Nicolas-Jay Winery Will Soon Employ Oregon’s First Self-Driving Tractor

The Monarch does more than just steer itself. It can complete other tasks all on its own, everything from weed removal to crop data analysis, including yield measurements and health metrics.

Monarch Self-driving Tractor Monarch's self-driving tractor. IMAGE: facebook.com/monarchtractor

Jay Boberg envisions a future without tractor drivers.

That’s not because the co-founder of Nicolas-Jay winery presumes that particular piece of farming equipment will become obsolete. As the proud owner of Oregon’s first electric autonomous tractor, he simply has faith that cutting-edge technology will render butts in seats unnecessary.

Introduced by East Bay-based startup Monarch Tractor last December, it wasn’t so much the self-driving vehicle that initially caught his attention. Instead, he was drawn by the dream team that launched the company: a fourth-generation California wine grower who’s led pioneering efforts to eradicate herbicides in his industry; the former head of the Tesla Gigafactory; and a scientist who has experience developing everything from automated cars to four-wheel drive subterranean robots that can map as they go.

“They basically saw an opportunity to bring farming into the 21st century,” says Boberg.

The Monarch does more than just steer itself. It can complete other tasks all on its own, everything from weed removal to crop data analysis, including yield measurements and health metrics.
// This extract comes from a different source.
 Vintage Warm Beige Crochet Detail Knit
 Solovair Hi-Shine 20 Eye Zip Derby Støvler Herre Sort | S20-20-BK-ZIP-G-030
The tractor will even send you a text if it looks like rain is in the forecast. And the fact that the machine doesn’t devour diesel means there is no tailpipe pollution—a typical model would produce 14 times the emissions of the average car.

Although the driverless rig isn’t trundling around Nicolas-Jay’s 53 acres of land in the Dundee Hills just yet, there will be a prototype at Ponzi Vineyards and Lingua Franca in late July for a display run. The hope is that the spectacle will convince more vintners who may be on the fence that a riderless tractor really can negotiate hundreds of rows of grapes without mowing down the vines.

“It’s important,” Boberg says, “that Oregon is very early on the innovation side of things when it comes to farming.”